### Source material

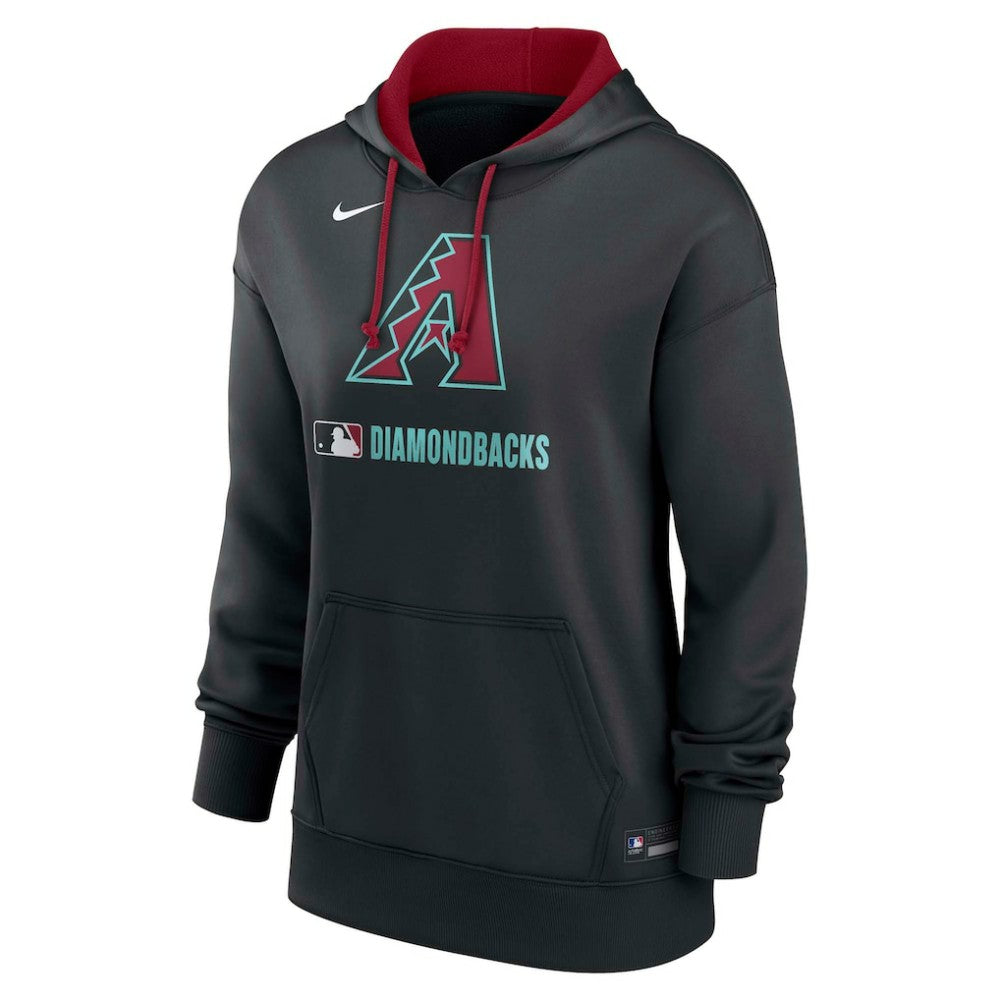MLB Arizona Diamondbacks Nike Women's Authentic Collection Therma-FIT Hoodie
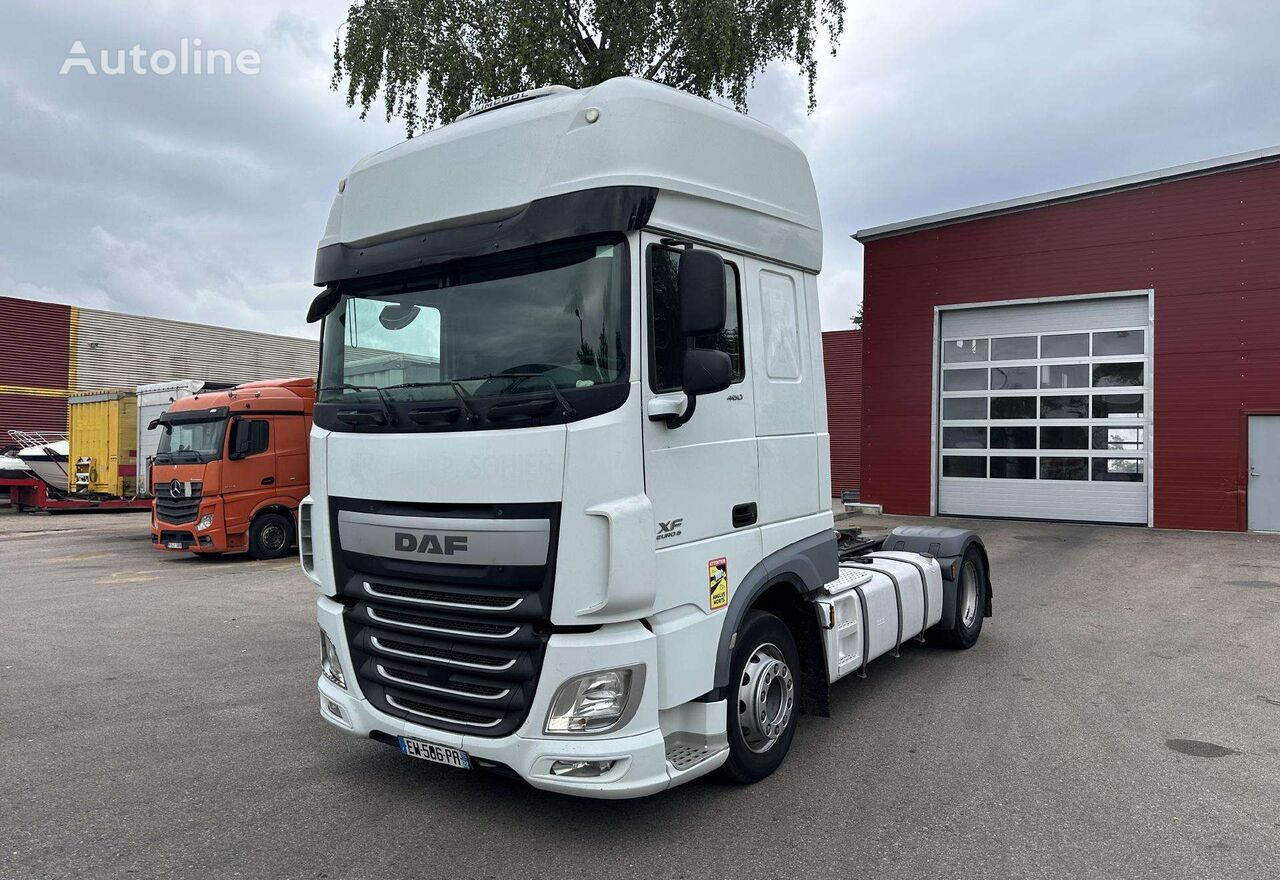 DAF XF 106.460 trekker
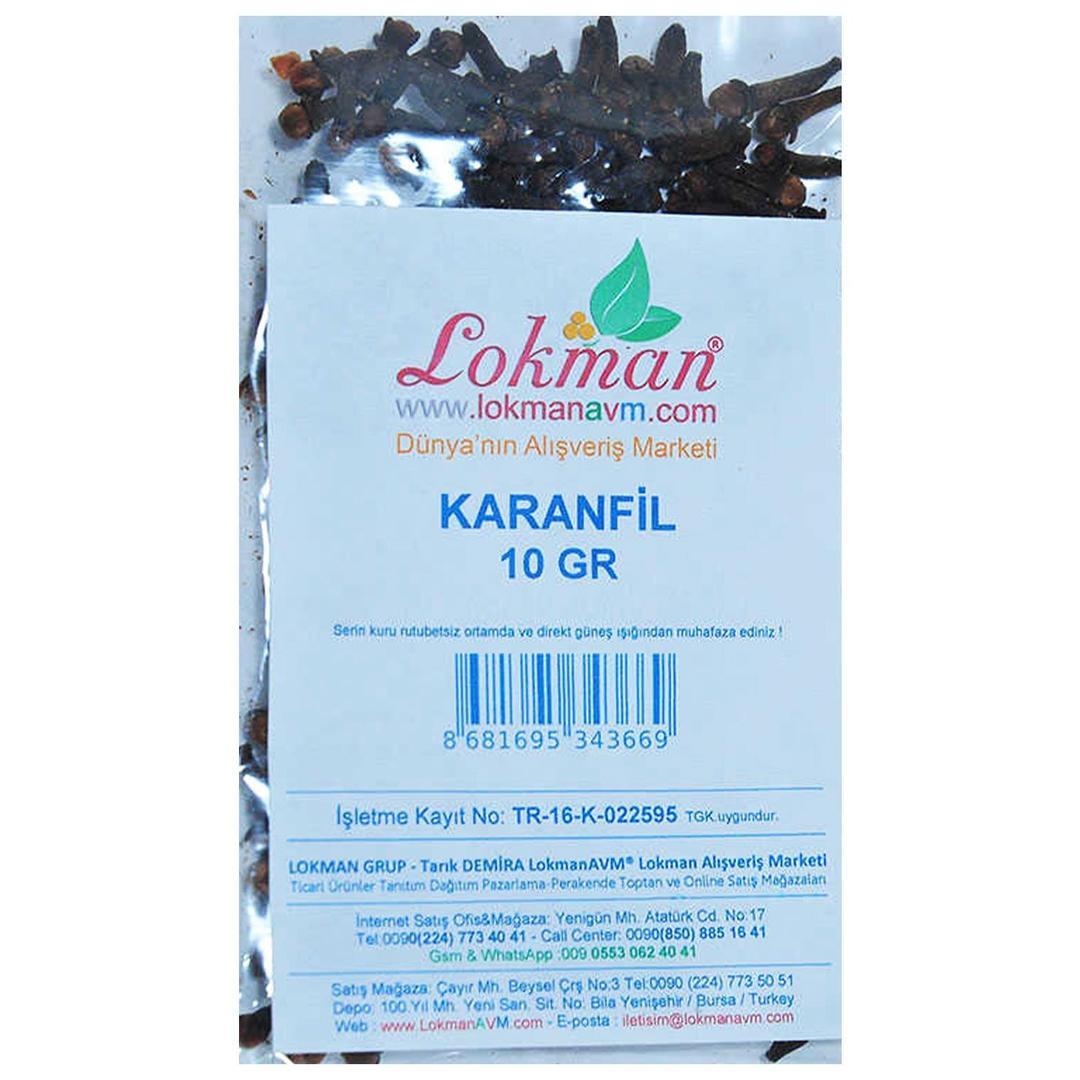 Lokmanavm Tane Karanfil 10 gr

### What is required
The material is to be written out word for word, and the pictures are to be left out.

### Answer to the problem
MLB Arizona Diamondbacks Nike Women's Authentic Collection Therma-FIT Hoodie
 DAF XF 106.460 trekker
 Lokmanavm Tane Karanfil 10 gr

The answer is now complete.